I also asked them if it will fit with a main girdle.

I really like that this pan uses a factory pickup and maintains factory dimensions overall. If it will fit the main girdle I'll be a happy man lol

I'll update everyone with their response.:nice:
 
How far above the bottom of your K-member is the bottom of your t-sump pan? If the bottom of their deep sump pan will end up higher than the bottom of my k-member I'll be happy with that. I just want to use the k-member as protection for the oil pan. The roads here in Pittsburgh are ruthless on a lowered car so I have to keep that in mind.

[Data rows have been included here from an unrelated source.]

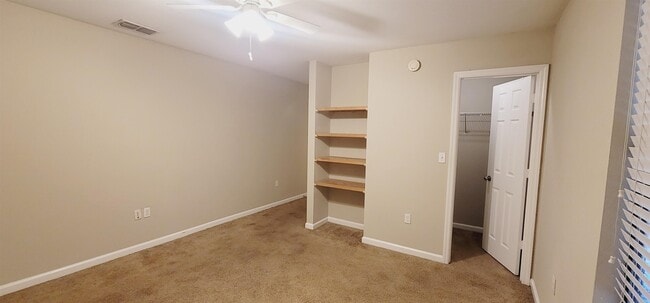 Building Photo - 2300 Timber Oak Ln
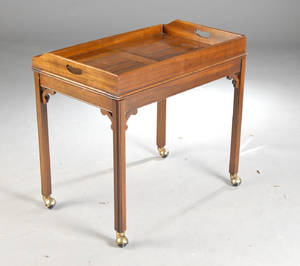 Engelsk bakkebord af mahogni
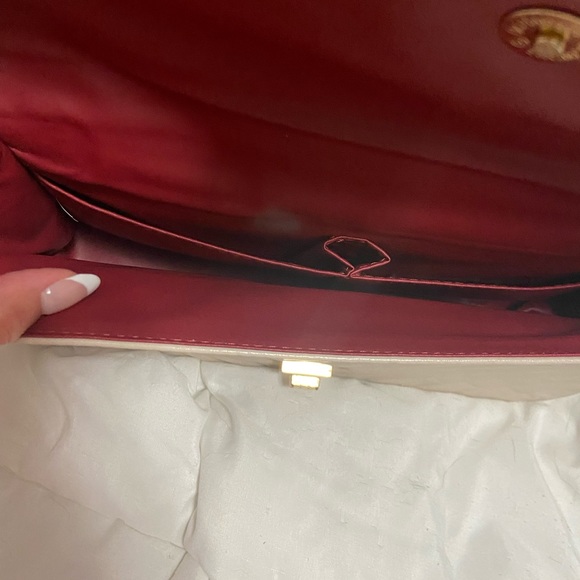 crossbody purse with red interior - Picture 2 of 3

I know the deep sump will be almost dead even with your stock k-member, may be little lower like .5 inch. We got our share of humps and bumps here in California too, You really don't need the road-race pan for the daily driver or the weekend street strip car, I wish i just bought a deep sump pan or the stock eliminator pan and add the bigger oil cooler to hold the extra quart of oil.

My car is very low too, but i would worry too much, Just be careful when going over humps or bumps and you will be fine.:nice:
 
Just emailed canton because I see in the description that it says it fits a sportsman block (talking about your second link), so I wonder if that means it isn't meant for a factory block? I'm not sure the difference between the two concerning the oil pan.

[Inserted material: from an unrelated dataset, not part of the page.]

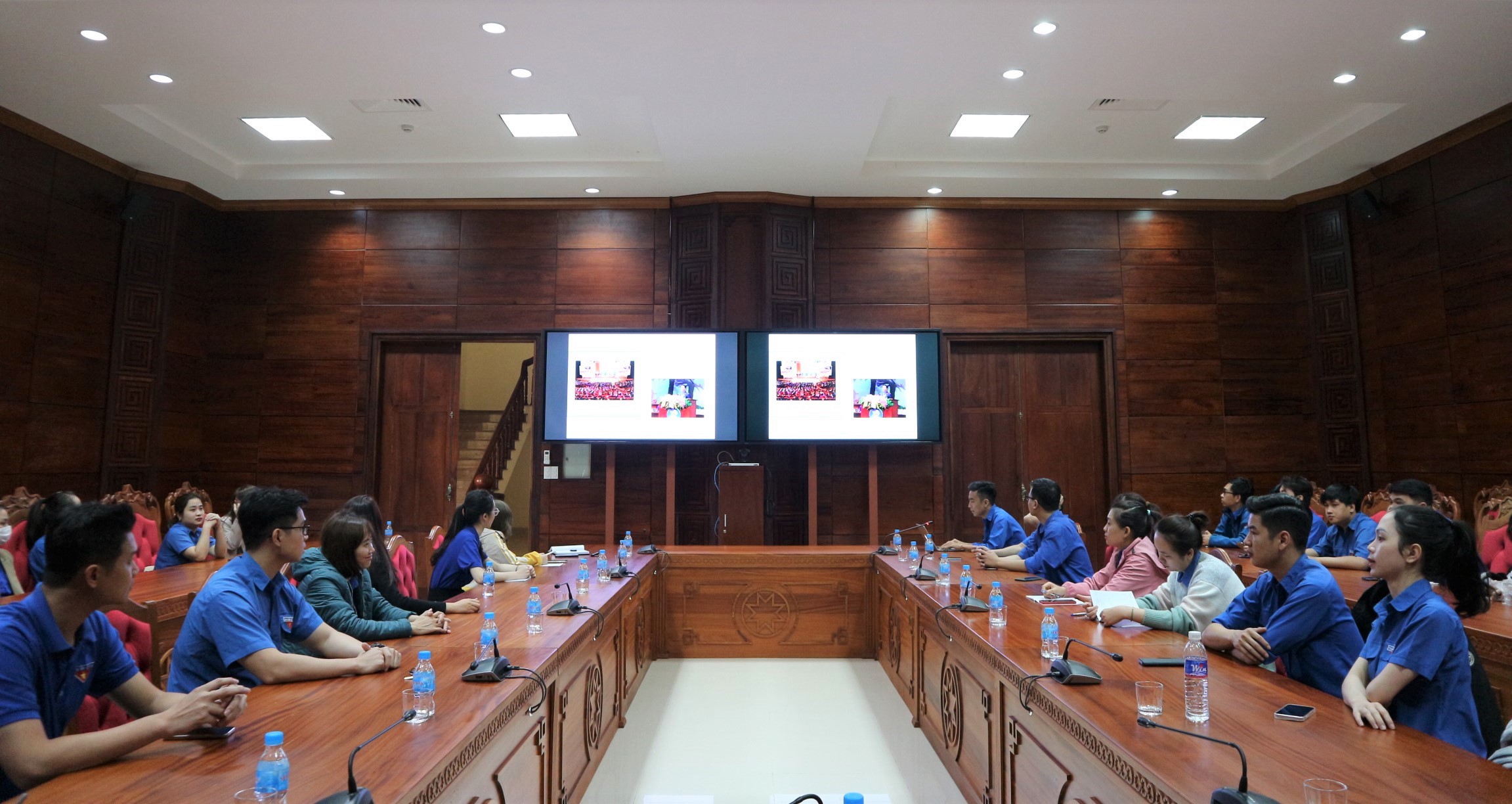 Chi đoàn Thanh niên Văn phòng UBND tỉnh hưởng ứng Tháng thanh niên và kỷ niệm 92 năm Ngày thành lập Đoàn Thanh niên Cộng sản Hồ Chí Minh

I also asked them if it will fit with a main girdle.

I really like that this pan uses a factory pickup and maintains factory dimensions overall. If it will fit the main girdle I'll be a happy man lol

I'll update everyone with their response.:nice:

Dan

Make your life easier and call and talk to Nick @Canton, He is very helpful, Tell him Leo sent you because you got 94-95 mustang as well. he will tell you exactly what you need :)
 
I run the Moroso pan, and it is about dead even with the stock K-member. My honest recommendation for a street engine is to just run a stock oil pan. A bigger oil pan only means more oil to change every oil change. If I was revving an engine high enough to require a girdle, I would just get a 4 bolt main block.

Kurt
 
What Kurt say is very true, on daily driver or street car, you do not need aftermarket oil pan, But if you absolutely want to upgrade to something and itching to do so like i do or did, Get 13-600 - 302 STOCK ELIMINATOR REAR SUMP PAN, Same as stock and has built in scraper, Bolt on and be done. But no oil level bung, you will either have to make one or just get rid of the stocker and check oil often.
 
I do not want an aftermarket oil pan, I want a main girdle. Unfortunately I can't run a stock pan with it. I'm investing over $5k into this motor so I will feel much better with a girdle on it since plans call for a procharger next winter. In response to going to a 4 bolt main block, I can't justify the extra expense of upgrading to one when the cost of a main girdle plus a pan to fit is less than $600.

I'll be calling Canton at lunch today to get it all figured out. The email was no help, whoever responded to me from Canton just copied and pasted the description from their website back to me about the stock eliminator pan.
 
The girdle has nothing to do with a blower. The girdle is just there to keep the mains from walking when you rev it to 7000 rpms. It doesn't make the block any stronger.

Kurt
 
The girdle has nothing to do with a blower. The girdle is just there to keep the mains from walking when you rev it to 7000 rpms. It doesn't make the block any stronger.

Kurt

You're right about the blower, the blocks will split through the lifter valley with or without a main girdle.

That said, Woody at fordstrokers seems to know his stuff and he said the girdle is not a bad idea, I plan to rev this thing to probably 6400 or so, I just want to make sure the mains stay put. It's easier to put on a main girdle now, than to change my mind and have to pull the motor if I want to install one later.